---- Data listing

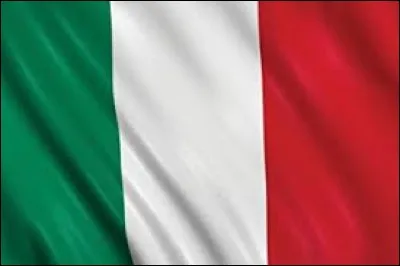 La capitale de l'Italie est :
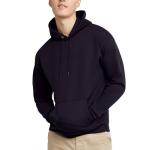 Men's Hanes Comfortblend Pullover Hoodie - Dark Eggplant
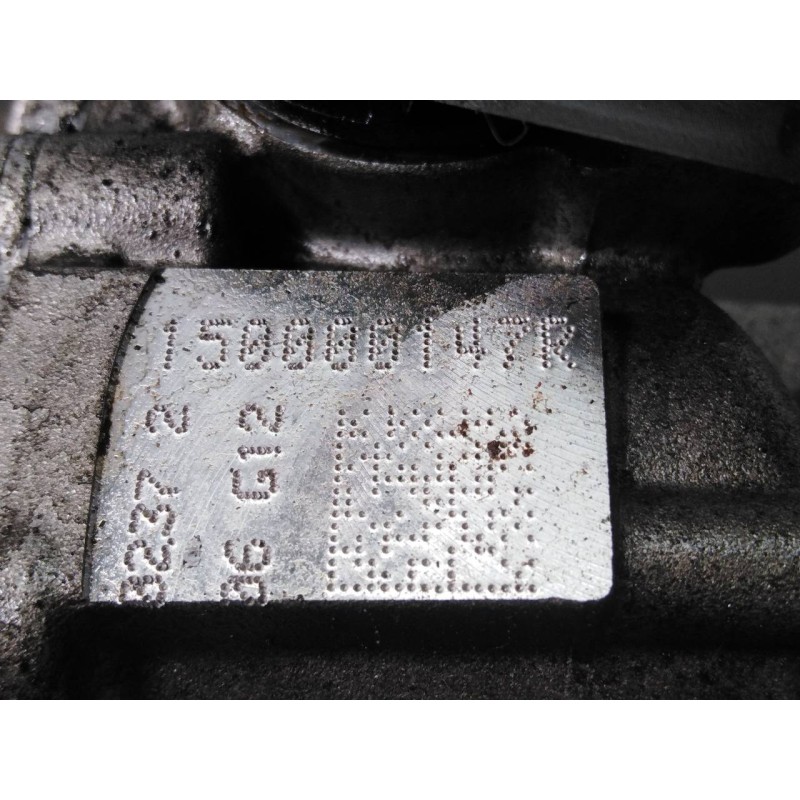 Recambio de bomba aceite para renault master kasten l1h1 ka 3,3t referencia OEM IAM 150000147R  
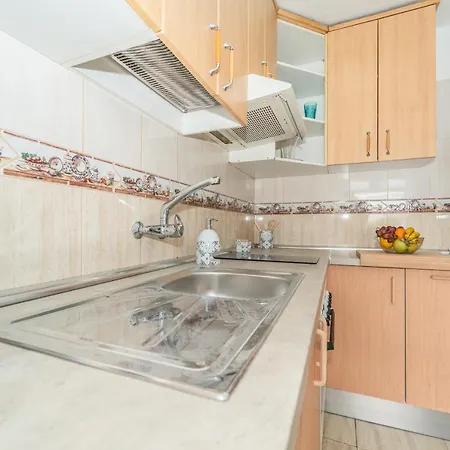 Seaside * Punta Del Hidalgo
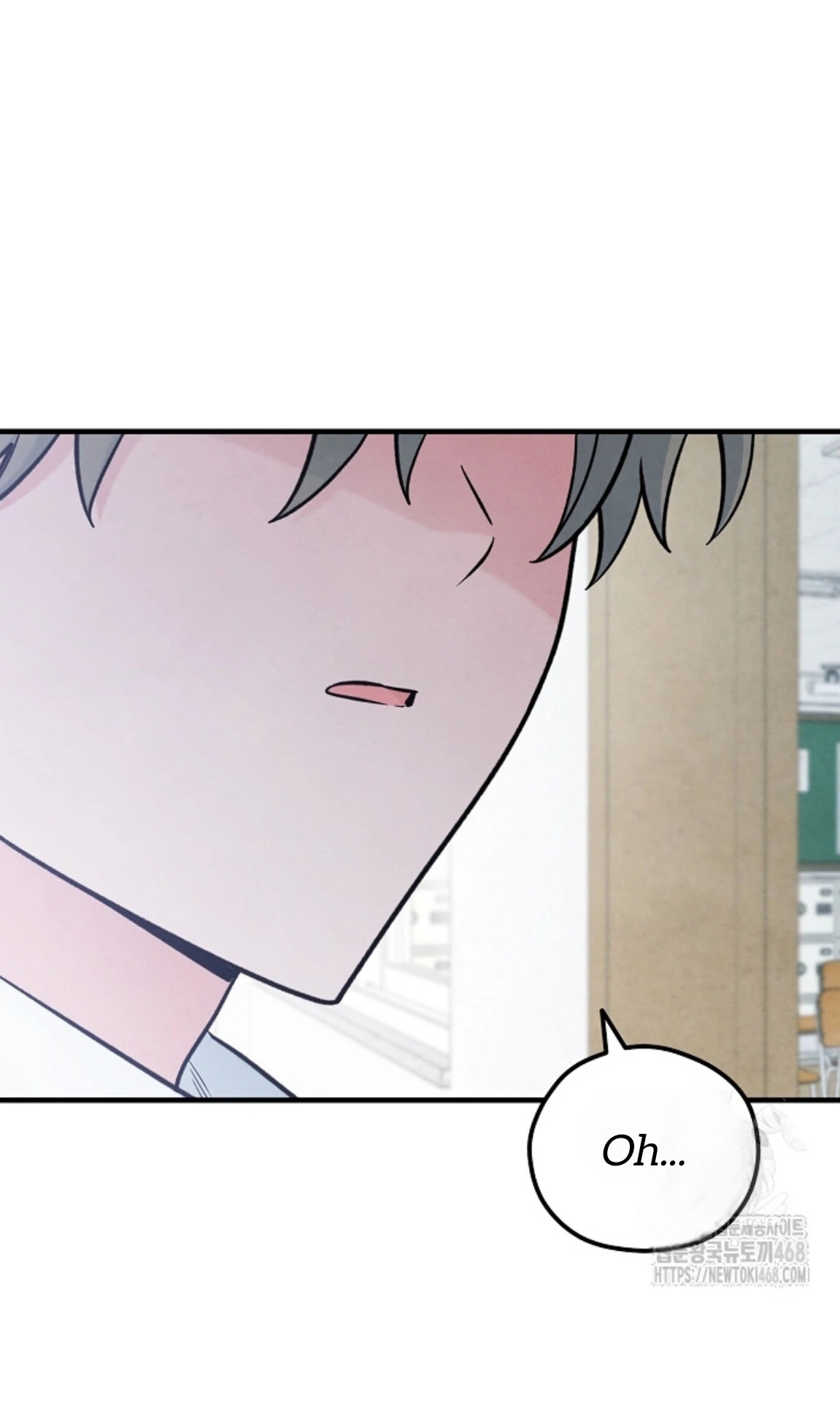 The Spirit of the Ghost Chapter 49.5 page 74 - 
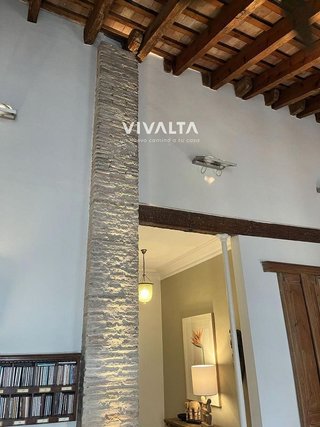 Piso en alquiler en Sant Francesc en Valencia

--------

Say again, word for word, every line from the one with "Men's Hanes Comfortblend" through the last line of the data above, minus the pictures.

 Men's Hanes Comfortblend Pullover Hoodie - Dark Eggplant
 Recambio de bomba aceite para renault master kasten l1h1 ka 3,3t referencia OEM IAM 150000147R  
 Seaside * Punta Del Hidalgo
 The Spirit of the Ghost Chapter 49.5 page 74 - 
 Piso en alquiler en Sant Francesc en Valencia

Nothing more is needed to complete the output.